USA Today reporters Jori Epstein and Daniel Libit partnered with a college sports investigative outlet called The Intercollegiate, which obtained exit interviews with Texas Tech players through a public records request.

Allegations against Stollings are her staff includes sexual harassment by a strength and conditioning coach, foreign players saying they were ridiculed, and a player who said she was "admonished by coaches for displaying symptoms of depression."

One former Texas Tech player, Mia Castenada, who transferred to Washburn University in Kansas, told USA Today: “They were breaking not just athletes, they were breaking people. And they didn’t realize that.”

A committee at the school was formed to review the allegation and athletics director Kirby Hocutt told USA Today: "I have thoroughly discussed this review with coach Stollings and am confident that we are taking appropriate steps to improve the relationship and communication between coaches and student-athletes so that we can continue to grow the success of our program both on and off the court."

Stollings said in a statement published in the article: "We know change is difficult and that has been no different at Texas Tech. Some wonderful young women have decided to leave our program and pursue their dreams elsewhere. I hope they have found everything they are looking for at their new destination. Our administration and my staff believe in the way we are building and turning this program around here. Our student athletes are developing a disciplined approach both on and off the court."

Entering the COVID-19 shutdown, Hocutt said the review was supposed to happen in April. It was delayed through June. Hocutt finally met with Marlene in early July. The team meeting was the next step and was originally scheduled for July 22, but was pushed back since Hocutt had a scheduled donor trip. It was rescheduled for July 29, but Stollings requested pushing it back another week since a player was injured. Hocutt said the meeting took place Wednesday, August 5, the day USA Today published its front-page article. The next day, Marlene Stollings was fired.
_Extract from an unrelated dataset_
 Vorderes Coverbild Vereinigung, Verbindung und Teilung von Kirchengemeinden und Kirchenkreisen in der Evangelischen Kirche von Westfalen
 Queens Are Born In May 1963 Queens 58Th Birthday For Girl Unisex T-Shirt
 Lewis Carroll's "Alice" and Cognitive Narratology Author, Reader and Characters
"If it would have been on a day different than when the article came out would the conversation had been as open and as free flowing as it was as a team? I don't know that," Hocutt said.

Hocutt said Tech wasn't aware of the magnitude of the situation or the affect it had on the women in the locker room. To ensure a new culture, he says there will be an abundance of change.

"As we get ready to bring a new coaching staff in we will probably assign a new administrative liaison to women's basketball just to hit that complete reset button," Hocutt said.